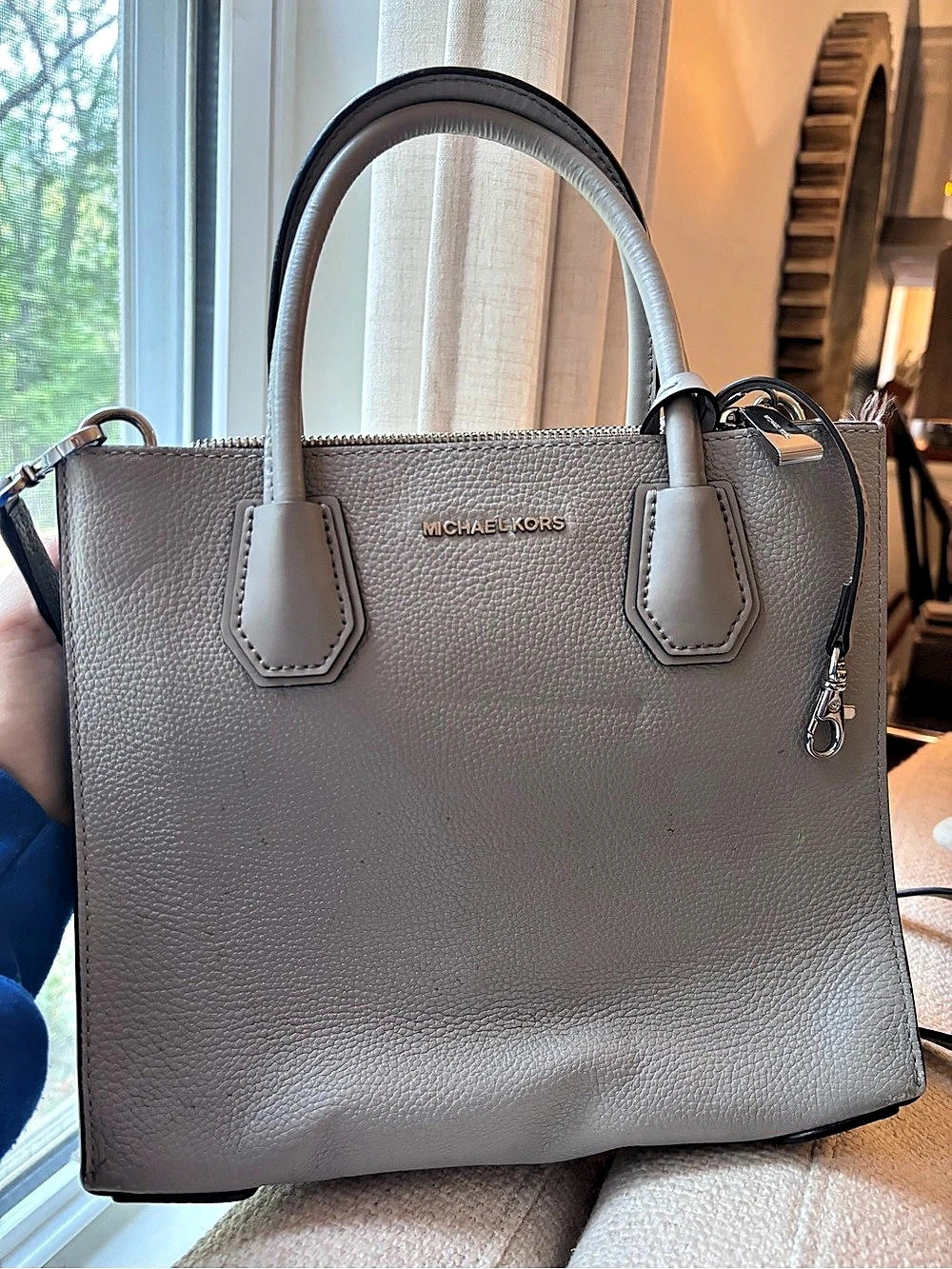 Michael Kors Mercer Medium Pebbled Leather Accordion Tote Satchel Gray
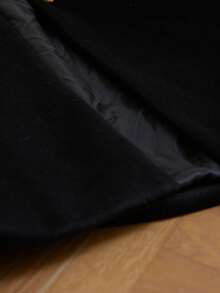 GENKIRA French Elegant High-End Apple Collar Cinched Waist Comfortable A-Line Long Overcoat For Women - Black - View 7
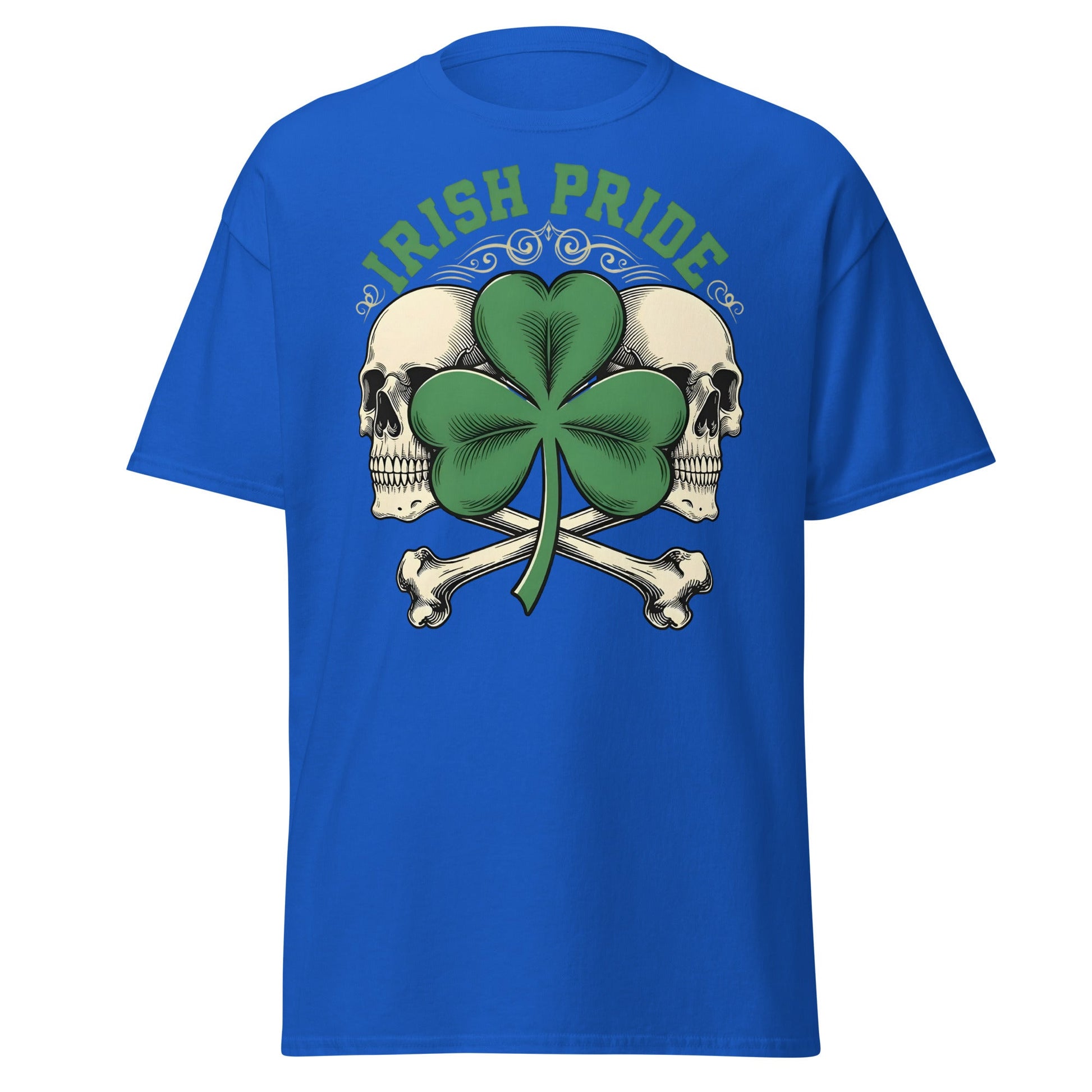 Irish Pride Skull and Shamrock T-Shirt | Celtic Edgy Tee - Royal - T-Shirts Online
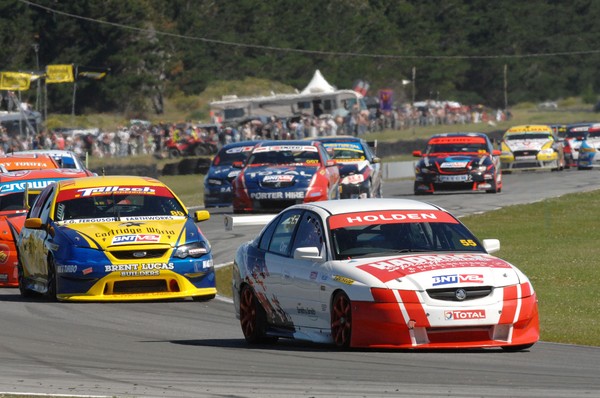 Christina Orr leadng the pack at Teretonga Park Invercargill in Race Three on Sunday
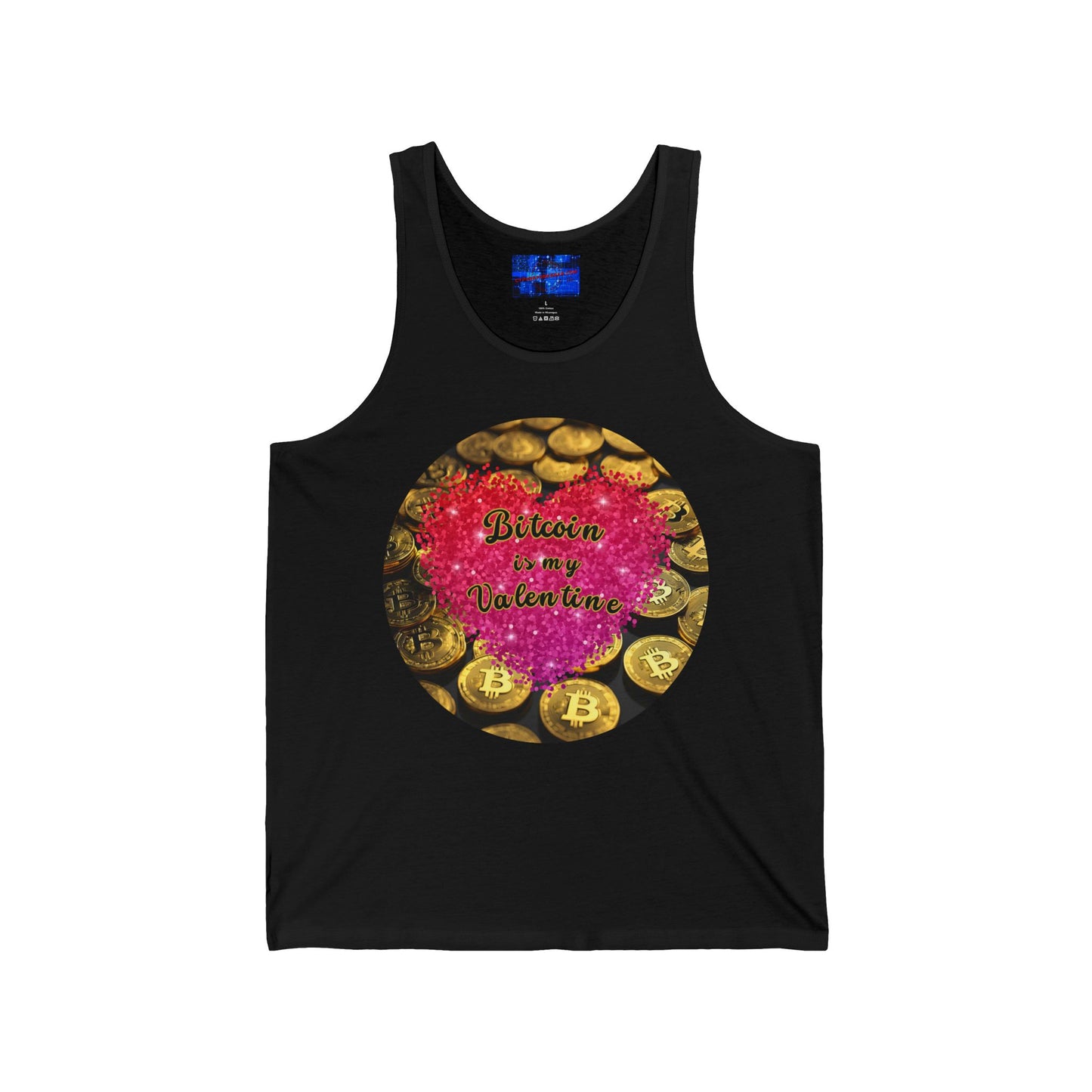 Bitcoin is My Valentine Unisex Jersey Tank Top by cypherpunkgear.com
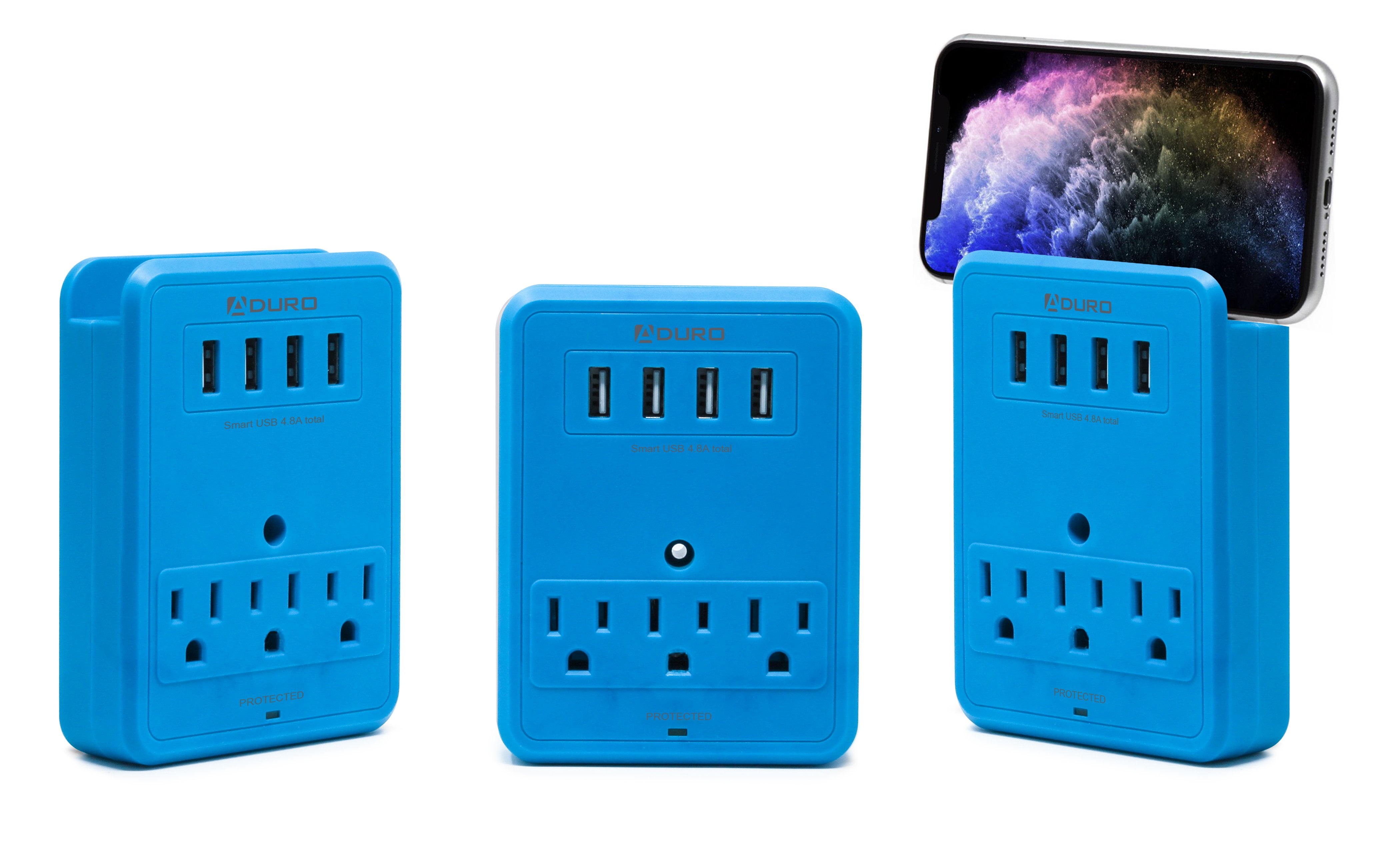 Aduro Surge Protector 3 Outlets Power Strip Station with USB (4 Ports 4.8A) Wall Mount Multiple Outlet Splitter Extender Adapter with Phone Shelf Stand Blue
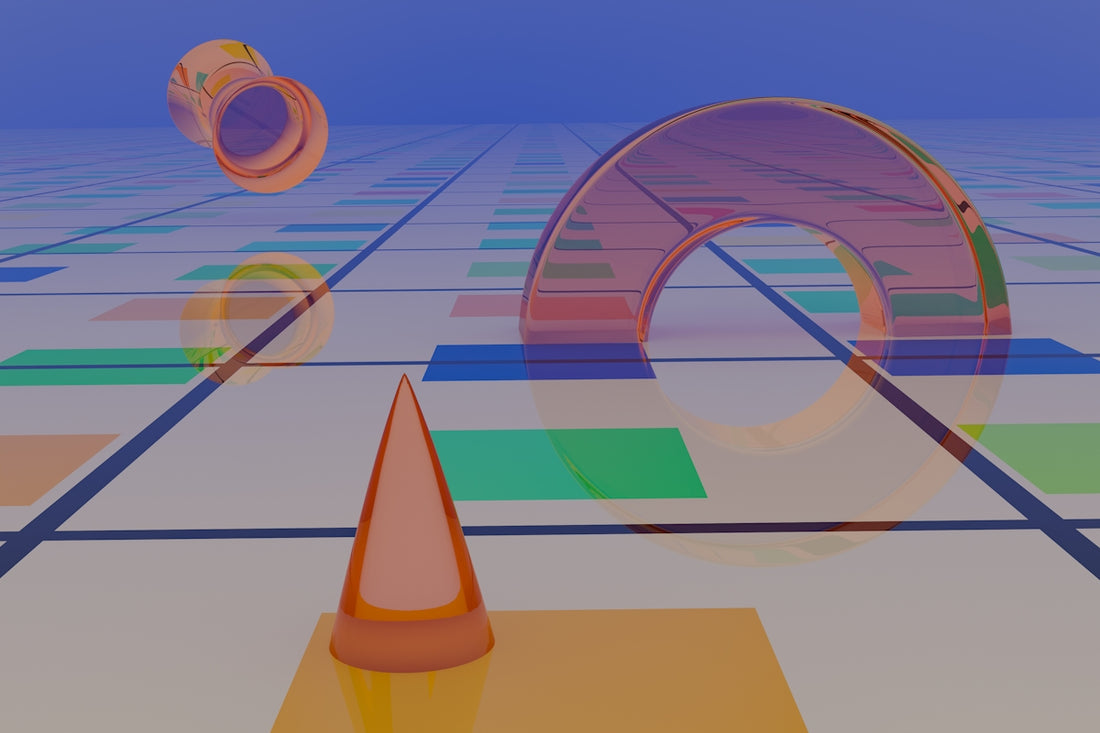 A computer generated image of a traffic cone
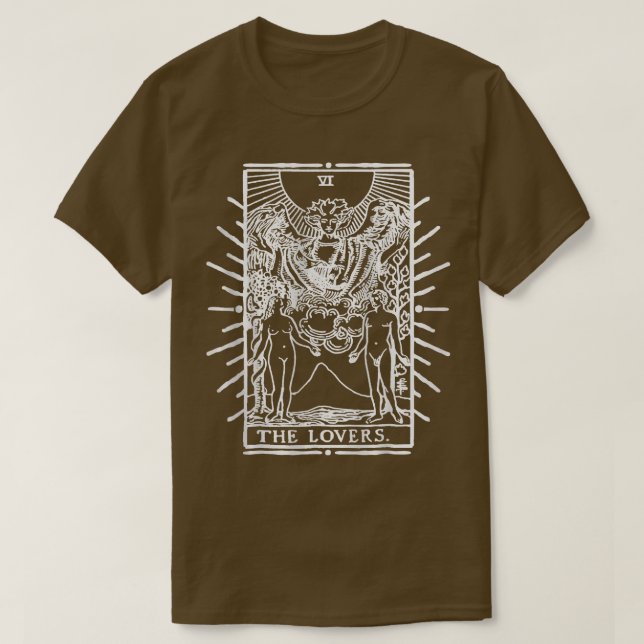 LA Camiseta DE LA TARJETA DE TAROT DE LOS AMANTES (Diseño del anverso)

+ + + + +

*What you are asked to do*
Leave every picture out and return exactly the lines from the one holding "A computer generated image of a traffic cone" through the end of the records above, both ends included, and nothing more.

*Answer area*
 A computer generated image of a traffic cone
 LA Camiseta DE LA TARJETA DE TAROT DE LOS AMANTES (Diseño del anverso)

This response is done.